-- Task statement --
Please report each line in the material below that includes "Garage".

Start of Block

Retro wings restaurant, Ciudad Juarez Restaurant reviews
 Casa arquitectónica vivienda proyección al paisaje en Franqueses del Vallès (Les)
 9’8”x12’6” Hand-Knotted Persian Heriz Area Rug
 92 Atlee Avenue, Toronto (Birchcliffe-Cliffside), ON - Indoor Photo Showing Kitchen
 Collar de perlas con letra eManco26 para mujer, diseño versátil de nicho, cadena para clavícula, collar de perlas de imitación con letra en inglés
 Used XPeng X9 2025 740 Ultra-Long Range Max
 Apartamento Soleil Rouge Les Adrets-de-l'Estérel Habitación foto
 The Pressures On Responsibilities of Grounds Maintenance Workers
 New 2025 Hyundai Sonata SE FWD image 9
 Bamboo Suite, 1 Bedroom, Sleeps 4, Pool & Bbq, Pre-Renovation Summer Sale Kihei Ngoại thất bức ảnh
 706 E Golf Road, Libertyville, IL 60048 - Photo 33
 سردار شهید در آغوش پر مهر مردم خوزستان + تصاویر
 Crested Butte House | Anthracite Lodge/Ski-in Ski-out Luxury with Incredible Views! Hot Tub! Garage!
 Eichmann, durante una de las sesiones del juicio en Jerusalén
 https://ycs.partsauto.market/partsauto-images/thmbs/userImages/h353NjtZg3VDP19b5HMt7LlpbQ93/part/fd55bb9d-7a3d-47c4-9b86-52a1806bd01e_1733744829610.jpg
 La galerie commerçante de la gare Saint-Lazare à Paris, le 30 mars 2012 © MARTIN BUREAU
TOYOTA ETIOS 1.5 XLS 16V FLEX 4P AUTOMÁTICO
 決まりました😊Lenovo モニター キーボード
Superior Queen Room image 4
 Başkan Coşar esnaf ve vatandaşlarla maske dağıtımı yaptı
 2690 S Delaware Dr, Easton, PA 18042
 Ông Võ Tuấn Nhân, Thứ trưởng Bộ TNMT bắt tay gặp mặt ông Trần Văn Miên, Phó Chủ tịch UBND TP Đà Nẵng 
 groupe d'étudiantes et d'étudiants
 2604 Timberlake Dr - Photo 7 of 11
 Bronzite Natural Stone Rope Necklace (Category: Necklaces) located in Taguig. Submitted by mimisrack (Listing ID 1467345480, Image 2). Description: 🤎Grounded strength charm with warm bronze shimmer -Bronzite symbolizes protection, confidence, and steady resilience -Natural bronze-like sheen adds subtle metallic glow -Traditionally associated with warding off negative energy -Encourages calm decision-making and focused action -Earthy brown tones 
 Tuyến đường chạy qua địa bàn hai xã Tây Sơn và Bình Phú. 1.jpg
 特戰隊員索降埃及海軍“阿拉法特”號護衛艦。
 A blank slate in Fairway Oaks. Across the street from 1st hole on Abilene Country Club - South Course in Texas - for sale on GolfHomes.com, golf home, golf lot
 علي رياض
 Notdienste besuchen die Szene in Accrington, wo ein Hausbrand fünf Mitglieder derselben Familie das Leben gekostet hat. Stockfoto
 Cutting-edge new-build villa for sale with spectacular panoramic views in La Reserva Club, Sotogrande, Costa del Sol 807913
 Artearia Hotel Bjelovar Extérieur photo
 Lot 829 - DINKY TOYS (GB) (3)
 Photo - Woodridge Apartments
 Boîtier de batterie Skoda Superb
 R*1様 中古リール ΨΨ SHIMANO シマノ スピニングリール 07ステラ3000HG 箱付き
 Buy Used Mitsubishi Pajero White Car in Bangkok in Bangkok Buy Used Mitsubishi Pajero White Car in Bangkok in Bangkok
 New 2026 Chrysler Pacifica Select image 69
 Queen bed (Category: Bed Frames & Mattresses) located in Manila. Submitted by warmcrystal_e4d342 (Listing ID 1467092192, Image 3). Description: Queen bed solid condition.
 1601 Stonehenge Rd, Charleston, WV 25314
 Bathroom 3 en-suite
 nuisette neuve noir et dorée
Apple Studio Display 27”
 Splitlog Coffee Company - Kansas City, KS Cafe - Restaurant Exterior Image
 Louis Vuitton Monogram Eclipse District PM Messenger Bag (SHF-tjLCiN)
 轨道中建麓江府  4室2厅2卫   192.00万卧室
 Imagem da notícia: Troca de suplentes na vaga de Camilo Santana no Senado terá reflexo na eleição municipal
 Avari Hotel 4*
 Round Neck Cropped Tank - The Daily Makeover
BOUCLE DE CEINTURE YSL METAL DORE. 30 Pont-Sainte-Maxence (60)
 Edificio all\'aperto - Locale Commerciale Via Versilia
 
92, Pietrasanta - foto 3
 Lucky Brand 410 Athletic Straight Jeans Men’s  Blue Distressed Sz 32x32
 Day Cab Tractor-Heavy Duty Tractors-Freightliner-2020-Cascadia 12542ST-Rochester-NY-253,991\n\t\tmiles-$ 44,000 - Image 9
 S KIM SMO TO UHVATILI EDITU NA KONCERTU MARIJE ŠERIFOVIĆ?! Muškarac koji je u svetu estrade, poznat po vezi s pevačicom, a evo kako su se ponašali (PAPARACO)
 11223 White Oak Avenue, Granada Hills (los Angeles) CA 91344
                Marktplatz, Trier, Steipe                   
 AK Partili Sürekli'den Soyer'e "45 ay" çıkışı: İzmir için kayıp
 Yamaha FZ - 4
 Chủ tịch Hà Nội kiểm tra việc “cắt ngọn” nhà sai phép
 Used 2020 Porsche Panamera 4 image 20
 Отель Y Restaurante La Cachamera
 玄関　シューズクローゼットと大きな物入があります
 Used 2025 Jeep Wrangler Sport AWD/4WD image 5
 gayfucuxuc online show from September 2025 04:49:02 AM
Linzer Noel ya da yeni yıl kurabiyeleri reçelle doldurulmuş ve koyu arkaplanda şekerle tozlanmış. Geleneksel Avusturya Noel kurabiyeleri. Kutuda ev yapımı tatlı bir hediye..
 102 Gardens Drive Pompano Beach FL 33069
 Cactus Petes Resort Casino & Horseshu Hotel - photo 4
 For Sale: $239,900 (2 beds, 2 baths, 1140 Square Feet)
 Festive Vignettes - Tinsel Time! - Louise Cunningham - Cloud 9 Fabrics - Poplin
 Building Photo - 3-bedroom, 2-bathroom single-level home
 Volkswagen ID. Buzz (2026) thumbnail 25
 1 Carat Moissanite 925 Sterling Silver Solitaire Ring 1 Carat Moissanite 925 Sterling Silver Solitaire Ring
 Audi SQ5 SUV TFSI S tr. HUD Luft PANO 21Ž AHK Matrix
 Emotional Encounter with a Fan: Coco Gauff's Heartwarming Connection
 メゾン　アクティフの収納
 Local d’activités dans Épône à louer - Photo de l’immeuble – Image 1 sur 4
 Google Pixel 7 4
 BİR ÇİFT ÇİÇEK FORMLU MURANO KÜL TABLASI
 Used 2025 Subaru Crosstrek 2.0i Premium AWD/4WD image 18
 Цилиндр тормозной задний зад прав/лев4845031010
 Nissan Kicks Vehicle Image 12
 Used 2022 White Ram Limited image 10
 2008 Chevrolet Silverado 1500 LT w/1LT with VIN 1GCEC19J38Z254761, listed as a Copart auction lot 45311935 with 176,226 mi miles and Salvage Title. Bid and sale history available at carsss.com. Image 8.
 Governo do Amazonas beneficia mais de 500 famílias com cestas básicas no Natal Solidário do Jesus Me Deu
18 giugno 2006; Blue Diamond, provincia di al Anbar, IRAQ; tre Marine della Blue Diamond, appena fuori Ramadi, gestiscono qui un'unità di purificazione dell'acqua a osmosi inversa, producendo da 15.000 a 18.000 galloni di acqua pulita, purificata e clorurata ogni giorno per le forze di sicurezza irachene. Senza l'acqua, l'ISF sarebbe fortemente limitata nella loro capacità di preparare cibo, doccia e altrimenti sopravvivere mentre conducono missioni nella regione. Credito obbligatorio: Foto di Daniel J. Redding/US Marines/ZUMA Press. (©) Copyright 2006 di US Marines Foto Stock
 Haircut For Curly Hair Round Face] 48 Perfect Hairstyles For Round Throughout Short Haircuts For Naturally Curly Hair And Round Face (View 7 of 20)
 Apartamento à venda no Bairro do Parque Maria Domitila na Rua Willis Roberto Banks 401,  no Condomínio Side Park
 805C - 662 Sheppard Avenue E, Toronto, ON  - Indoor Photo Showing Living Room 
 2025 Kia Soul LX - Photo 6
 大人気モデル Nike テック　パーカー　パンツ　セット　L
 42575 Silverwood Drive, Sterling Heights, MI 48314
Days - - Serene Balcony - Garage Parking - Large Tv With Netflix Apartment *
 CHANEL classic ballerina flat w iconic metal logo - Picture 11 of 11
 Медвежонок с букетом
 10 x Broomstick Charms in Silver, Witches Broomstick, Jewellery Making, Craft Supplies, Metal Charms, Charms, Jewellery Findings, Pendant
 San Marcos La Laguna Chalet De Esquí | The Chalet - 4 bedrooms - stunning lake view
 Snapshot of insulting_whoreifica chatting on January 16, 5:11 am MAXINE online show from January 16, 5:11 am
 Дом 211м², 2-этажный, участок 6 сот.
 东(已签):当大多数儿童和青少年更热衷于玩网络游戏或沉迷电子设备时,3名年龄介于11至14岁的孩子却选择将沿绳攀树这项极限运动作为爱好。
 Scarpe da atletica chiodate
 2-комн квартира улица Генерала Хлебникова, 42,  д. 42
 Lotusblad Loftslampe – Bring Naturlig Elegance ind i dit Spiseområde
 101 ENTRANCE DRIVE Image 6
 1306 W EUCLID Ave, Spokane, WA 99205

End of Block

-- Finished task --
 Crested Butte House | Anthracite Lodge/Ski-in Ski-out Luxury with Incredible Views! Hot Tub! Garage!
Days - - Serene Balcony - Garage Parking - Large Tv With Netflix Apartment *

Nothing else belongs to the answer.